Sam Levinson difende la morte di Nate in Euphoria 3, tra serpente, sepoltura e conseguenze estreme che sconvolgono i personaggi.
Il creatore di Euphoria, Sam Levinson, ha difeso la scelta di mettere in scena una morte particolarmente violenta e disturbante, sottolineando come “le conseguenze siano reali” quando i personaggi escono dal contesto protetto del liceo e si confrontano con il mondo adulto.
Nell’episodio penultimo della terza stagione, la serie ha infatti segnato la fine di uno dei suoi personaggi più discussi: Nate Jacobs, interpretato da Jacob Elordi. Dopo essere stato coinvolto in una spirale sempre più estrema di violenza e debiti, Nate viene rapito da alcuni strozzini, mutilato nel corso della stagione e infine sepolto vivo in una fossa poco profonda. La situazione precipita ulteriormente quando un serpente a sonagli riesce a entrare nella bara, rendendo la sua morte lenta, angosciante e inevitabile. Nonostante i tentativi disperati di Cassie, che prova a salvarlo con l’aiuto di Maddy e di nuove alleanze nel mondo criminale, arrivano troppo tardi: quando lo ritrovano, Nate è già morto.

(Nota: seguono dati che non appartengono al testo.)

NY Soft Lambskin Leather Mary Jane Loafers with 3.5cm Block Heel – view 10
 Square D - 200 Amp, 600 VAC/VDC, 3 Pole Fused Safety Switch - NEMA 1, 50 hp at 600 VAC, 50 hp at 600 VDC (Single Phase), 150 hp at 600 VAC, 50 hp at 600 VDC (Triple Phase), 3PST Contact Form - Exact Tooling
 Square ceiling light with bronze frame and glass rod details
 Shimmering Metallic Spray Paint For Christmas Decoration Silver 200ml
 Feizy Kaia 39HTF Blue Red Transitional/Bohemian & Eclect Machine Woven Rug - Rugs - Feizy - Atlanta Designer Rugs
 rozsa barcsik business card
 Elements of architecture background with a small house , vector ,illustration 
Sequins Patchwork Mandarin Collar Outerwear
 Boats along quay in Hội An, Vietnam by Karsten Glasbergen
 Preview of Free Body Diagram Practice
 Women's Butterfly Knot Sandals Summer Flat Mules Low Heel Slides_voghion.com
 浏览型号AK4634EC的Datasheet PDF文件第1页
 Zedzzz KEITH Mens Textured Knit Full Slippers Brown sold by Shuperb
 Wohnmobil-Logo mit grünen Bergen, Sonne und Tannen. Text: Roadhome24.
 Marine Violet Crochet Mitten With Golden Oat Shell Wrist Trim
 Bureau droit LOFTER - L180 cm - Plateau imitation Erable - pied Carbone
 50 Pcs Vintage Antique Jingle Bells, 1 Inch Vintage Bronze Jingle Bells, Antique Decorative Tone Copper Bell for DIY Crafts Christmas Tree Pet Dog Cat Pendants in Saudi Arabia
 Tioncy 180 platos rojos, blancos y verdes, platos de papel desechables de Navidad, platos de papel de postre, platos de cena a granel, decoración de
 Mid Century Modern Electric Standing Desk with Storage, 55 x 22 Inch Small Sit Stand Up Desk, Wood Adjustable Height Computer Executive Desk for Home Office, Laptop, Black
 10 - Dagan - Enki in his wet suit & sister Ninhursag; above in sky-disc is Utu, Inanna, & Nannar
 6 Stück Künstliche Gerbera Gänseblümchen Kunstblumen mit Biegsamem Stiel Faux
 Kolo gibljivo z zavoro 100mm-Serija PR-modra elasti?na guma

Levinson ha spiegato, secondo quanto riportato da Entertainment Weekly, che la sua intenzione era proprio quella di giocare con l’idea di “giustizia narrativa”. Da un lato, dice di essere consapevole del desiderio del pubblico di vedere un personaggio come Nate pagare per le sue azioni; dall’altro, vuole ribaltare quella soddisfazione, trasformandola in disagio. L’obiettivo, secondo lui, è far sì che lo spettatore si chieda se abbia davvero voluto una punizione così estrema, costruita per essere tanto catartica quanto disturbante.
In origine, la scena era pensata in modo meno elaborato: Nate sarebbe semplicemente soffocato nella bara, rendendo vano ogni tentativo di salvataggio. L’idea del serpente, però, è arrivata in modo improvviso, in un momento quotidiano a Los Angeles, che Levinson ha descritto come quasi casuale e luminoso, lontano dall’immaginario cupo della scena. L’immagine del rettile che si introduce in un tubo ha poi trasformato completamente il finale, portandolo verso una dimensione ancora più simbolica e inquietante.
Anche Jacob Elordi ha commentato la sua uscita di scena, definendola sorprendentemente “ben riuscita” e coerente con il percorso del suo personaggio. L’attore ha raccontato con ironia che girare la scena nella bara è stata un’esperienza quasi “tranquilla”, sottolineando inoltre che il serpente utilizzato fosse reale, anche se controllato e reso sicuro per le riprese.
Il finale dell’episodio non lascia comunque tregua agli altri personaggi: Rue si ritrova ancora una volta in una situazione di pericolo imminente, mentre Cassie e Maddy devono fare i conti con nuove e pesanti conseguenze legate ai debiti e alle alleanze criminali. La stagione si chiuderà ufficialmente il 31 maggio, promettendo ulteriori sviluppi carichi di tensione.